True or false? Give reason.
$S_m\times S_n\simeq S_{m+n}$.
I know this is not true but I don't know how to prove it.
True or false? Give reason.
$S_m\times S_n\simeq S_{m+n}$.
I know this is not true but I don't know how to prove it.
If two groups are isomorphic, then there exists a bijection between them and thus they have the same order. The order of $S_m \times S_n$ is $|S_m| \cdot |S_n| = m! \cdot n!$, and the order of $S_{m+n}$ is $(m+n)!$.
Try to show that $S_m \times S_n$ always has smaller order than $S_{m+n}$. Then since the two groups have different order, they cannot be isomorphic.
Cardinality of $S_{m+n}$ / cardinality of $S_m \times S_n$ = $\frac{(m+n)!}{m!n!}$ = $^{m+n}C_n$, which is greater than 1 if m is greater than 1.
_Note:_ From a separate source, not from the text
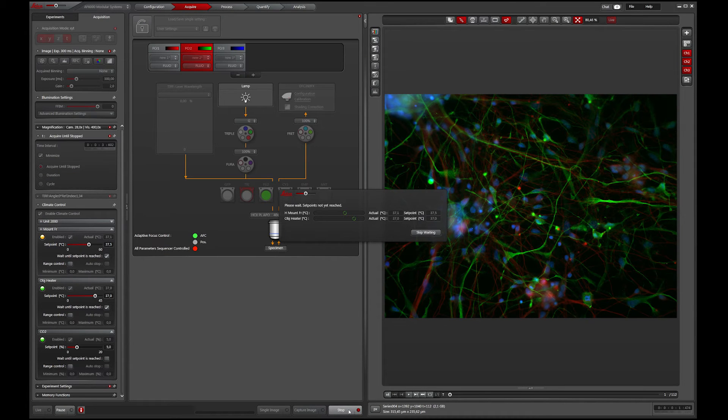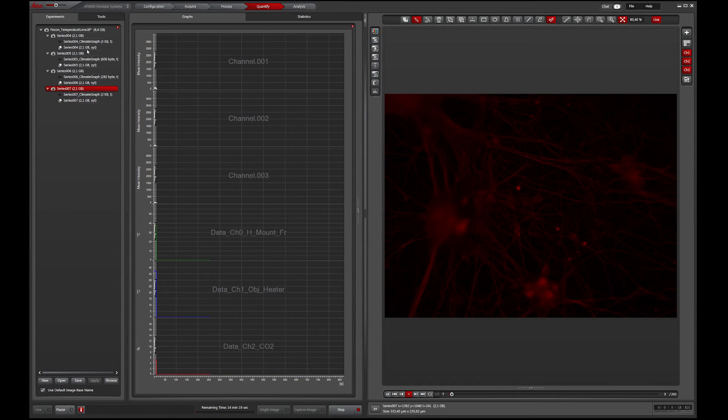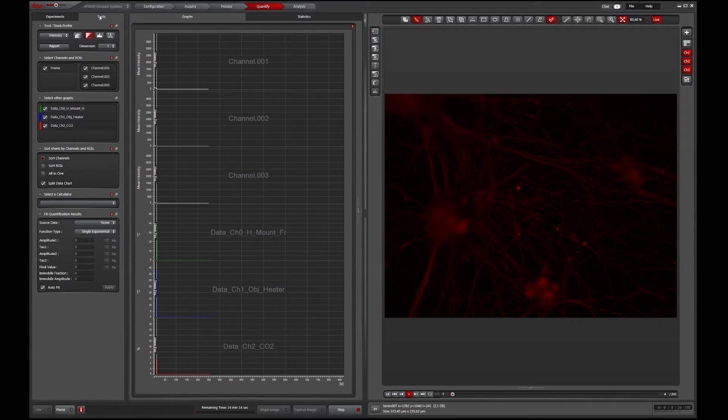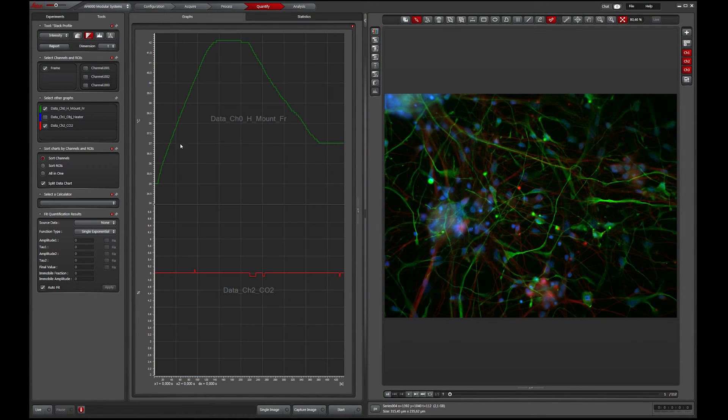Activate Range Control to get a warning when upper or lower limits are exceeded. All environmental data is saved within the experiment and can be monitored live or reviewed afterwards.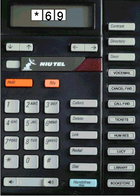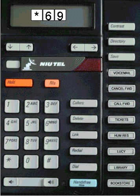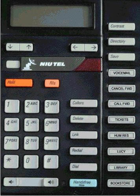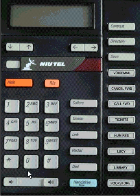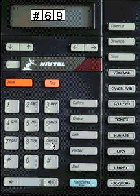If that number is busy, hang up. The line will be monitored for 30 minutes, and your phone will ring during that time. If you do not want to wait 30 minutes, cancel this feature by lifting the handset and dialing pound 69.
EDIT: Meant 'm is greater than 0',thanks Derek for pointing it out.
If nothing else is desired, then you could give the answer $ S_1 \times S_1 \neq S_2 $ so the statement is false.
To all the answers given so far, let's add that if it were $S_m\times S_n\simeq S_{m+n}$ then $S_{m+n}$ would have lots of normal subgroups, and we know that that cannot be.